The presence of CAVB was associated with in-hospital mortality in the acute coronary syndrome setting [29]. Different results have been reported in the related literature regarding the impact of CAVB on long-term mortality in the setting of ACS [26,27,28]. Kawamura et al. showed that CAVB in nonanterior STEMI was associated with long-term mortality [29]. In another study, it was not an independent predictor of mortality in ACS patients [28]. CAVB patients had a higher rate of in-hospital mortality, however long-term mortality rate was not different between groups in the presented study.

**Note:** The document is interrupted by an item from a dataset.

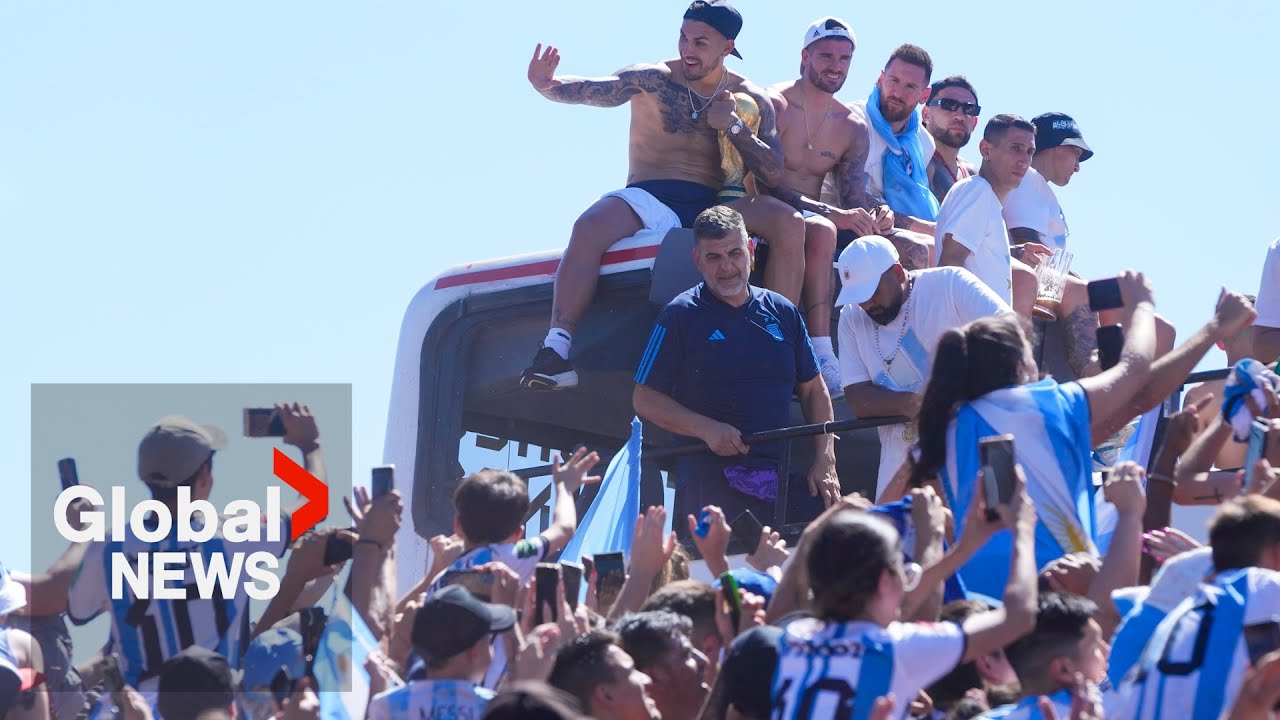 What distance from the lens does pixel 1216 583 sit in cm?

It is worth noting that our study has several limitations. It is a single-centre, retrospective study with a relatively small sample size, which may limit the generalizability of our findings. The retrospective nature of our study may have introduced selection bias, and the small sample size may have limited our ability to detect smaller effect sizes. We did not assess other inflammatory markers, such as TNF-α and IL-6, which may also be associated with CAVB development. Additionally, we cannot rule out the presence of unmeasured confounders, which could have influenced the development of CAVB. The results of this study should be considered as hypothesis generating. Therefore, future research may address these issues to gain a more comprehensive understanding of the relationship between SII and the development of CAVB in these patients.

Conclusion

Our study suggested that a higher SII level was associated with an increased risk of developing CAVB in patients with STEMI undergoing primary PCI. In cases where atrioventricular block is exacerbated or triggered by systemic inflammation, it might be beneficial to promptly and specifically manage the inflammatory process. This implies that controlling inflammation could potentially alleviate or improve the conduction disturbance seen in severe atrioventricular blocks. This could involve using anti-inflammatory medications or treating the underlying cause of systemic inflammation.